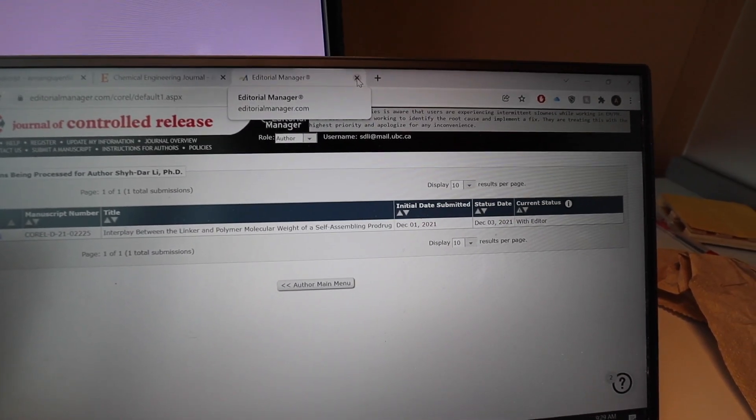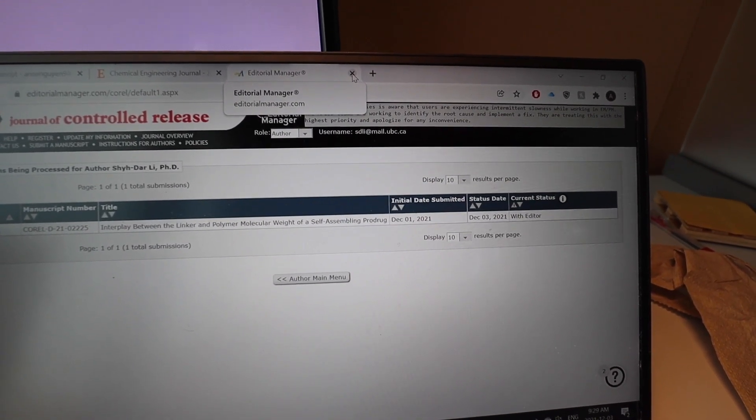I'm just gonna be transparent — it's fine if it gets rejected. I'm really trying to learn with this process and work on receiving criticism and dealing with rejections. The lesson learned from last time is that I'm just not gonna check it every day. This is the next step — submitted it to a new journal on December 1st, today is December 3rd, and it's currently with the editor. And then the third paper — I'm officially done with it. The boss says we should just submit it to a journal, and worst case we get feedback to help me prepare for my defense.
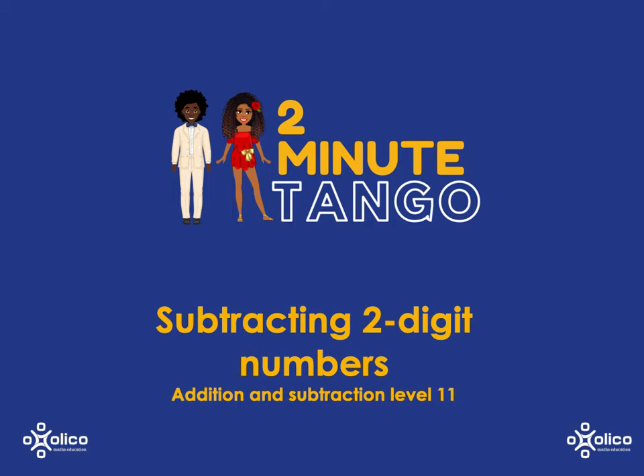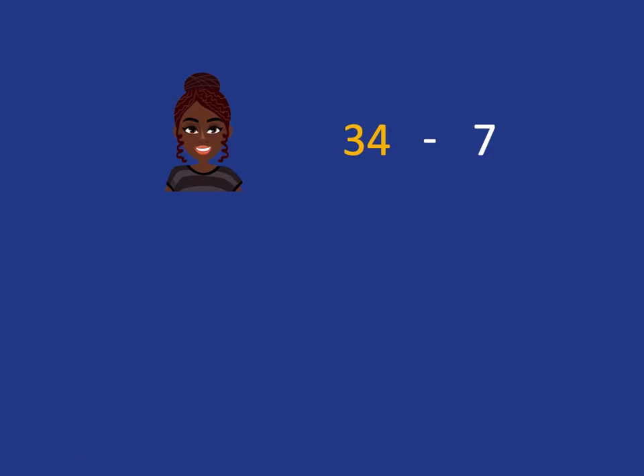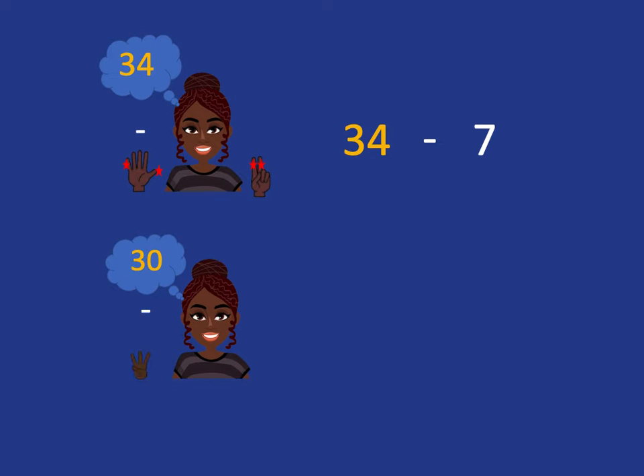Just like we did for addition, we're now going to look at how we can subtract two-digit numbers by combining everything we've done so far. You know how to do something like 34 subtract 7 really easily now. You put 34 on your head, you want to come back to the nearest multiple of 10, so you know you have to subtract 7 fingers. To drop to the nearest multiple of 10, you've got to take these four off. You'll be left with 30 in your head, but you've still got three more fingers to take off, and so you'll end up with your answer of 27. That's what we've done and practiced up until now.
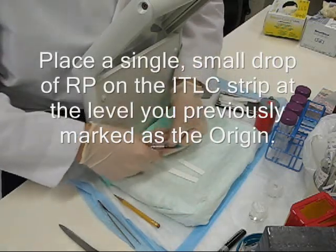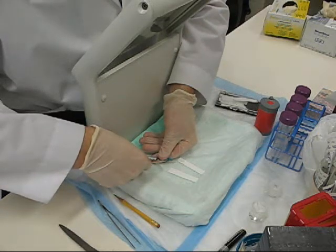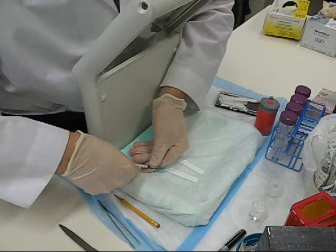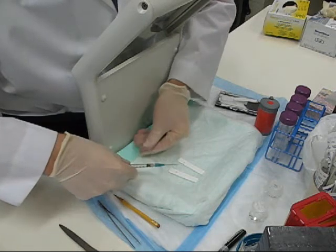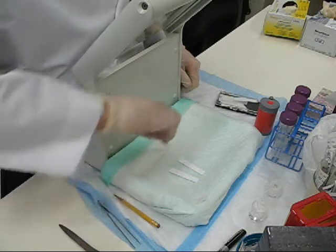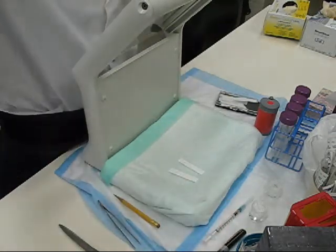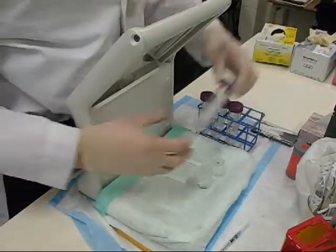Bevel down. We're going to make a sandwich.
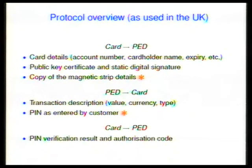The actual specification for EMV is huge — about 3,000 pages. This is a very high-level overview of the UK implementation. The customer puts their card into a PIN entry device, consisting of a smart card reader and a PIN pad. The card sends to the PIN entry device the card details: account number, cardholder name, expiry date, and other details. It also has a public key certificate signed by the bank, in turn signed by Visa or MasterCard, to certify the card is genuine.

================================

TASK DESCRIPTION | Pictures stay out; all other material above is restated word for word.

FINAL ANSWER |
I'm just gonna be transparent — it's fine if it gets rejected. I'm really trying to learn with this process and work on receiving criticism and dealing with rejections. The lesson learned from last time is that I'm just not gonna check it every day. This is the next step — submitted it to a new journal on December 1st, today is December 3rd, and it's currently with the editor. And then the third paper — I'm officially done with it. The boss says we should just submit it to a journal, and worst case we get feedback to help me prepare for my defense.
Just like we did for addition, we're now going to look at how we can subtract two-digit numbers by combining everything we've done so far. You know how to do something like 34 subtract 7 really easily now. You put 34 on your head, you want to come back to the nearest multiple of 10, so you know you have to subtract 7 fingers. To drop to the nearest multiple of 10, you've got to take these four off. You'll be left with 30 in your head, but you've still got three more fingers to take off, and so you'll end up with your answer of 27. That's what we've done and practiced up until now.
Bevel down. We're going to make a sandwich.
The actual specification for EMV is huge — about 3,000 pages. This is a very high-level overview of the UK implementation. The customer puts their card into a PIN entry device, consisting of a smart card reader and a PIN pad. The card sends to the PIN entry device the card details: account number, cardholder name, expiry date, and other details. It also has a public key certificate signed by the bank, in turn signed by Visa or MasterCard, to certify the card is genuine.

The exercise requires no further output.